In 1995, she moved to France to study architecture. After two years, she changed to philosophy, and was writing a thesis on Wittgenstein.

She met a French sculptor 30 years her senior, named Michel Lafon, with whom she became romantically involved. She twice terminated pregnancies while they were together.

When Kabou became pregnant a third time, she hid the fact from Lafon. She gave birth to a girl alone in their studio in August 2012. She named the child Adélaïde ("Ada"), but did not legally register her. She told no one outside the household about the infant, not even her mother in Senegal. Kabou named the girl after her own grandmother.

Kabou retreated from her academic and social life to raise Adélaïde. Lafon was apparently not interested in the child.

Having experienced hallucinations and other mental conditions for years, Kabou spent €40,000 euros seeking help from "witchdoctors and healers" before the murder.

On 19 November 2013, Kabou took Adélaïde by train to the coastal town of Berck-sur-Mer, where she checked into a hotel room. She had told Lafon that she was taking the child to Senegal to live with her mother. After dusk she walked on the beach with Adélaïde in a stroller and breastfed her. Later she said she had felt an inexplicable urge to abandon the girl.

She recalled, "I put an end to her life because it was easier that way. It was as if I felt carried along, I just couldn't say stop." She laid her almost asleep daughter down in the tide, hugged her for some minutes while asking for forgiveness, and then ran from the beach. Fishermen discovered the child's drowned body on the shore the next morning. Kabou returned to Paris that day.

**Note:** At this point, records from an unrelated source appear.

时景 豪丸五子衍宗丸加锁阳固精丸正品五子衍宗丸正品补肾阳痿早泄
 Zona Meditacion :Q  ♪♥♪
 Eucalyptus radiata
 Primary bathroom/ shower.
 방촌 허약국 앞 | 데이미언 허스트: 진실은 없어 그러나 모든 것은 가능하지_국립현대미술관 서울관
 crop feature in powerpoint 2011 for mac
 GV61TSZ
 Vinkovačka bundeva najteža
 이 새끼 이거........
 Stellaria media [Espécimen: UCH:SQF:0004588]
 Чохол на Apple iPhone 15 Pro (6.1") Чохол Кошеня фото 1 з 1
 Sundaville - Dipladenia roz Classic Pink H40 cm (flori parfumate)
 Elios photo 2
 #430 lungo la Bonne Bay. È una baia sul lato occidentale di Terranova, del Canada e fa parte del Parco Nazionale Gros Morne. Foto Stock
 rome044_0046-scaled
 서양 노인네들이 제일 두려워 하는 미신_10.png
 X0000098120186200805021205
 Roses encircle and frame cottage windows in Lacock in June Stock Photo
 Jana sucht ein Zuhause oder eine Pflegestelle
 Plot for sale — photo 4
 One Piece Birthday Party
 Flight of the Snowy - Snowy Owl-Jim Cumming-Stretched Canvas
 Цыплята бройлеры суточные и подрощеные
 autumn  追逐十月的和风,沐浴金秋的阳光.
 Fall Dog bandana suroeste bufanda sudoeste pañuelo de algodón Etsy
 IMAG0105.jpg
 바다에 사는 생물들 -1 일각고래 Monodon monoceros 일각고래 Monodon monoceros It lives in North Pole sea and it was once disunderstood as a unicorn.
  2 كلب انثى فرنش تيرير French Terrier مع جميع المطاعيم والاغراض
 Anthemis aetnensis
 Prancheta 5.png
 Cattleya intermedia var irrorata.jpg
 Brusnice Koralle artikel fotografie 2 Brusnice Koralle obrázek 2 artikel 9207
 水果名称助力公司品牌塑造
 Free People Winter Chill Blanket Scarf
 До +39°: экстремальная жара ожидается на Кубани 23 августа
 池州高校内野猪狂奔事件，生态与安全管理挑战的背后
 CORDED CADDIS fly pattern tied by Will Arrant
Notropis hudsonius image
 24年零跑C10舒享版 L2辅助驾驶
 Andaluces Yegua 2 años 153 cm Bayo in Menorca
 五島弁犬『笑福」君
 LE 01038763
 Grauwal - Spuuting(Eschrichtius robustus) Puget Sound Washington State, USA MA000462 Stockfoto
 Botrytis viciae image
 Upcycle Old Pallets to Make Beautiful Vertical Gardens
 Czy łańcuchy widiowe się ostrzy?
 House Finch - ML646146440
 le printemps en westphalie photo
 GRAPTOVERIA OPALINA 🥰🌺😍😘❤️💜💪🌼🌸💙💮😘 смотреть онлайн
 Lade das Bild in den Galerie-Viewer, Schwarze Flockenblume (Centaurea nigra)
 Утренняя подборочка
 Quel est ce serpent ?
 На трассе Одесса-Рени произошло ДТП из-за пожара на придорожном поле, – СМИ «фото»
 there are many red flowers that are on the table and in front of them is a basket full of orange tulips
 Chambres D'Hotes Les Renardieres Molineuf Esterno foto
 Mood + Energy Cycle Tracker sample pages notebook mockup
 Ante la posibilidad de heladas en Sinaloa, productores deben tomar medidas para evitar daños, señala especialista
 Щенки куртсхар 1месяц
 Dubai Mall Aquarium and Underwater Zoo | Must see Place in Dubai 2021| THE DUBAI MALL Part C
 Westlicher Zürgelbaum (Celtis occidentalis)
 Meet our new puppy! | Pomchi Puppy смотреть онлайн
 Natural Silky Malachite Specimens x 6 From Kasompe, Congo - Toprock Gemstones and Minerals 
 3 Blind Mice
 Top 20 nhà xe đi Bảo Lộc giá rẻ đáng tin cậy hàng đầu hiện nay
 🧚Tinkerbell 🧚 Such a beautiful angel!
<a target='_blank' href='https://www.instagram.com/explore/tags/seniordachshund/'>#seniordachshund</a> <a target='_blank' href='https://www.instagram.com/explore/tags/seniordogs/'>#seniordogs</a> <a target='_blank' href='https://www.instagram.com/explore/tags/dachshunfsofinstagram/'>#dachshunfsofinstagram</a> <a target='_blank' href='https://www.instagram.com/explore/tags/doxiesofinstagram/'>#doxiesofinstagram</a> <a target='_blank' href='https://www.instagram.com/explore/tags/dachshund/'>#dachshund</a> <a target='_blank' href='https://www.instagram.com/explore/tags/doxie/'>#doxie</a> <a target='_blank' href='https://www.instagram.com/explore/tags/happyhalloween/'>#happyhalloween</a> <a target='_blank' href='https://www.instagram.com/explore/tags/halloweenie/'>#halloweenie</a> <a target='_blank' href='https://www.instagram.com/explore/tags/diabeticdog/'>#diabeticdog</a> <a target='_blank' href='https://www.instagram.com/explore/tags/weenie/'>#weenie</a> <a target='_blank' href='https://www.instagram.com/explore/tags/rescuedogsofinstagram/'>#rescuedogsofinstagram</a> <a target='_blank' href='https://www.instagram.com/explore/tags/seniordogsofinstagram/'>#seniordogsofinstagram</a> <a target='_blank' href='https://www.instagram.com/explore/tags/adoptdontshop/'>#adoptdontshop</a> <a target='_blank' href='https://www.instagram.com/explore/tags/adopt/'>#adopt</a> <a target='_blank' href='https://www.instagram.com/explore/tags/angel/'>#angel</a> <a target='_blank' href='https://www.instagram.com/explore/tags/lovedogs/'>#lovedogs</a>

The authorities arrested Kabou in Paris a few days after the incident; closed-circuit television had captured her trip. Kabou readily admitted to having planned to drown Adélaïde.

==Trial and aftermath==

Kabou was tried on charges of premeditated murder, beginning in Saint-Omer on 20 June 2016. A possible sentence if she were found guilty was life imprisonment. Psychiatrists determined that Kabou was fit to stand trial despite suffering from "paranoid delirium". Kabou claimed that "evil forces" and "witchcraft" had tormented her and drove her to commit the act. A psychologist said that Senegalese traditions of witchcraft had "radically altered her view of the world", though the prosecution argued that this explanation was just a defense strategy. The court psychiatrist suggested that postpartum depression had affected her mental state. On 24 June 2016, Kabou was sentenced to 20 years in prison and ordered to receive psychological treatment.

Documentary filmmaker Alice Diop, who attended the trial, was inspired to write and direct a feature film based on the case. The film, Saint Omer, premiered in 2022 at the Venice International Film Festival to positive reviews. It received an award for best debut film, and also the Silver Lion Jury Award. Guslagie Malanda, who played the role based on Kabou, found being in character so taxing that she had nightmares for a year afterward. Diop fainted on set when the shooting wrapped.